Vers un ancrage étatique des repas scolaires
À Brazzaville, la perspective d’une politique nationale de cantines scolaires, attendue avant la fin de 2025, trace les contours d’un virage institutionnel majeur. Porté par le ministère de l’Éducation et soutenu par le Programme alimentaire mondial (PAM), le projet vise à substituer progressivement aux financements externes un pilotage budgétaire et opérationnel assumé par l’État. « Le processus de transition est désormais irréversible », confie Gon Myers, représentant du PAM, rappelant que tout accord formel est déjà paraphé pour transférer la gestion aux autorités congolaises. Cette étape s’inscrit dans l’ambition présidentielle de renforcer les filets sociaux tout en dynamisant les filières agricoles nationales.
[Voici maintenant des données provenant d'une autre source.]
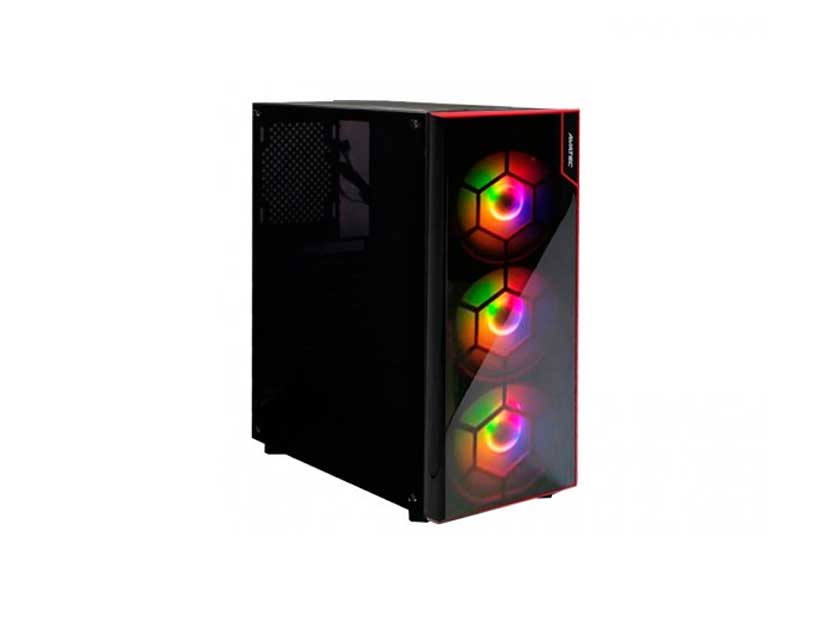 CASE AVATEC CERTIFICADO ( CCA-4902BR ) 450W | NEGRO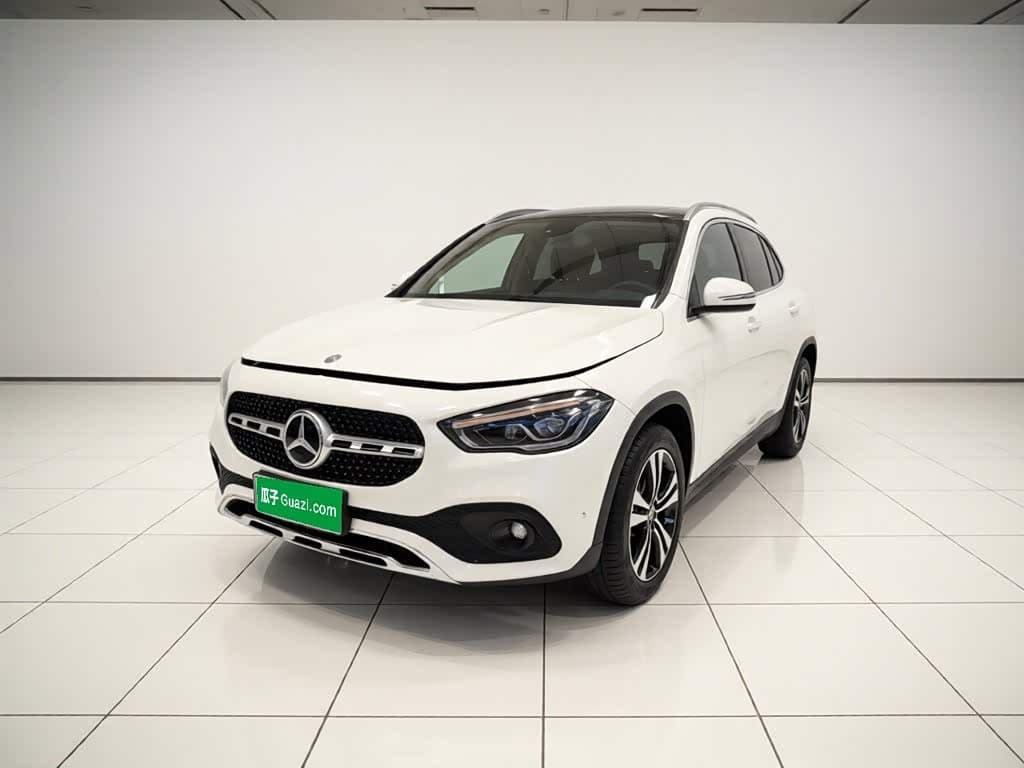 Mercedes-Benz GLA 2021 — Фото 2/20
Un laboratoire grandeur nature : « Semence d’Avenir »
Lancé en décembre 2023, le projet pilote a converti vingt-cinq établissements, répartis dans trois départements, à une restauration basée sur l’achat direct de produits locaux. Dix écoles appliquent déjà l’intégralité du nouveau référentiel, résultat d’un compagnonnage entre cadres congolais, experts brésiliens et techniciens du PAM. La formation de personnels éducatifs, la structuration de dix coopératives paysannes et la rédaction de quatre manuels pratiques constituent autant de jalons pour consolider un dispositif reproductible à l’échelle nationale.
La dynamique Sud-Sud, moteur silencieux
Pour la ministre brésilienne de la Coopération internationale, Ana Suza, « l’expérience congolaise démontre qu’un achat public tourné vers l’agriculture familiale peut conjuguer inclusion et performance ». Le modèle brésilien, cité en référence, irrigue aujourd’hui l’Afrique centrale via un transfert de compétences plutôt que de simples apports financiers. Maria Giulia, du Centre d’excellence contre la faim, voit dans la remise des manuels un « héritage durable », adapté aux réalités culturelles et logistiques du Congo.
Défis logistiques et volonté politique
Les concepteurs du programme n’ignorent pas les obstacles : insuffisance des pistes rurales, variations saisonnières de l’offre vivrière, capacité de stockage limitée. Toutefois, le gouvernement mise sur la convergence des politiques publiques agricoles et éducatives pour absorber ces contraintes. Pitchou Prudence Banga-Mboko, directrice de l’Enseignement préscolaire, souligne la synergie recherchée : « Nourrir nos enfants tout en soutenant nos producteurs n’est pas un slogan, c’est un levier de développement local. » Selon les projections, un basculement complet des cantines sous gestion étatique pourrait générer un marché annuel de plusieurs milliards de francs CFA pour les exploitations familiales, tout en améliorant la fréquentation scolaire et la rétention des élèves en zones rurales.
Cap sur 2025 : vers une politique publique intégrée
À l’horizon 2025, dossier juridique, feuilles de route budgétaires et cadres de suivi-évaluation devraient être finalisés, ouvrant la voie à l’adoption d’une politique nationale pérenne. Les autorités entendent capitaliser sur l’engouement des jeunes producteurs et sur l’adhésion des communautés éducatives pour installer une cantine scolaire congolaise pleinement souveraine. Si la mise à l’échelle exigera constance et rigueur, l’opportunité de créer un cercle vertueux entre santé, éducation et agriculture suscite un optimisme mesuré, mais tangible, au sein des partenaires techniques comme des décideurs nationaux.